Oh now you tellme about this scent after i already am waiting for an order from them LOL


----------



## Jersey Girl (Sep 11, 2020)

Catscankim said:


> Oh now you tellme about this scent after i already am waiting for an order from them LOL


Next order!  Review all the products you receive and get $1 credit for each review!  Another reason to love NS


----------



## Catscankim (Sep 11, 2020)

Jersey Girl said:


> Next order!  Review all the products you receive and get $1 credit for each review!  Another reason to love NS


Well thats awesome!!! I got some reviews to write from another order then lol


----------



## Jersey Girl (Sep 11, 2020)

Catscankim said:


> Well thats awesome!!! I got some reviews to write from another order then lol


Make sure you’ve registered an account with them.


----------



## SPowers (Sep 11, 2020)

That's good to know... a good way to offset shipping charges.


----------



## Catscankim (Sep 11, 2020)

SPowers said:


> That's good to know... a good way to offset shipping charges.


They have free shipping on orders over $30


----------



## SPowers (Sep 11, 2020)

For U.S. customers I'm guessing.  I'm in Canada and for a $40 order, they wanted $20+ in shipping.


----------



## Catscankim (Sep 11, 2020)

SPowers said:


> For U.S. customers I'm guessing.  I'm in Canada and for a $40 order, they wanted $20+ in shipping.



i forgot you were in canada.

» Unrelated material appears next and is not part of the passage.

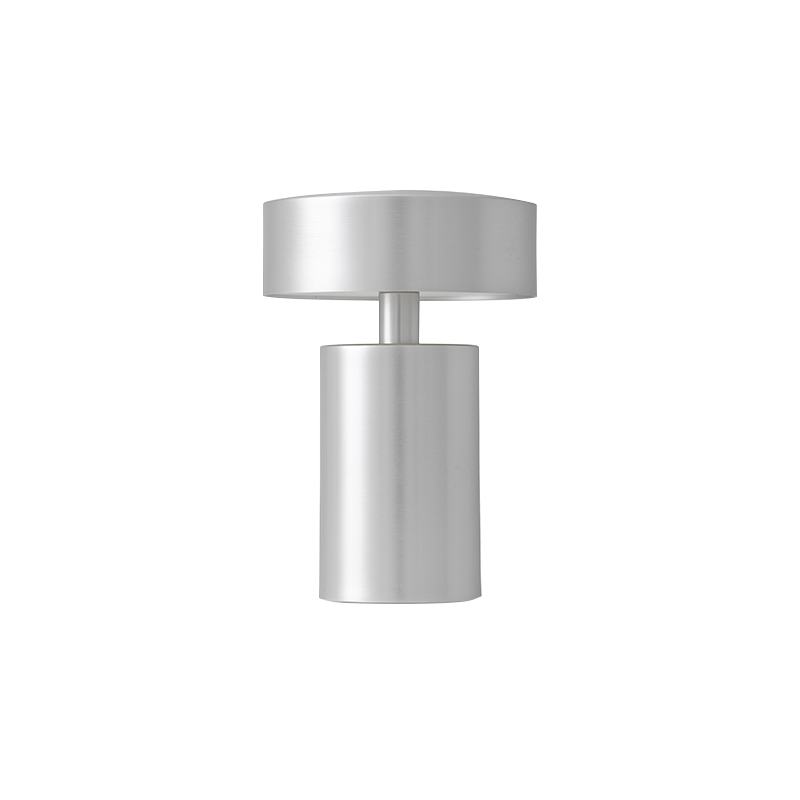 The Column Portable Table Lamp from Audo Copenhagen in brushed aluminum.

Need to start writing reviews lol


----------



## AliOop (Sep 11, 2020)

Catscankim said:


> i forgot you were in canada. Need to start writing reviews lol


Yes, I have about $25 in review credits myself. She’s definitely smart to offer that as it does encourage repeat orders!


----------



## gardengeek (Sep 11, 2020)

How timely for you to post this. I just rec'd an ounce today! I ordered some new micas and couldn't really afford a bigger bottle; now I wish I would have squeezed it in!!!


----------



## dkChelan (Sep 11, 2020)

Jersey Girl said:


> Ok...I can’t hold it in any longer. After researching the forum about which FOs stick in CP I compiled a list a few months ago and ordered a bunch of those recommended. Earth Meets Sky from Nurture Soaps was one of them. When it arrived and I smelled it OOB I was not impressed at all.  It didn’t smell good to me at all. It sat on the shelf for a couple months.  Fast forward to last months challenge. I used it in one of my attempts. Holy moly!  After a few days, the true scent started emerging and let me tell you....I’m gonna order a gallon of this stuff!  Lol. I LOVE it!  If you are a patchy, musky, incense fan, you will love this. It’s hard to describe but it is amazing!  Thanks to all who recommended it! I can’t walk past my curing rack without picking it up and sniffing it.  Just sayin!



Question... when do you add your FO?  I've had so many issues with any FO's that I've been sticking to EO's.  Maybe it's because I stick blend after adding it and everything accelerates in an awful way.


----------



## Jersey Girl (Sep 11, 2020)

dkChelan said:


> Question... when do you add your FO?  I've had so many issues with any FO's that I've been sticking to EO's.  Maybe it's because I stick blend after adding it and everything accelerates in an awful way.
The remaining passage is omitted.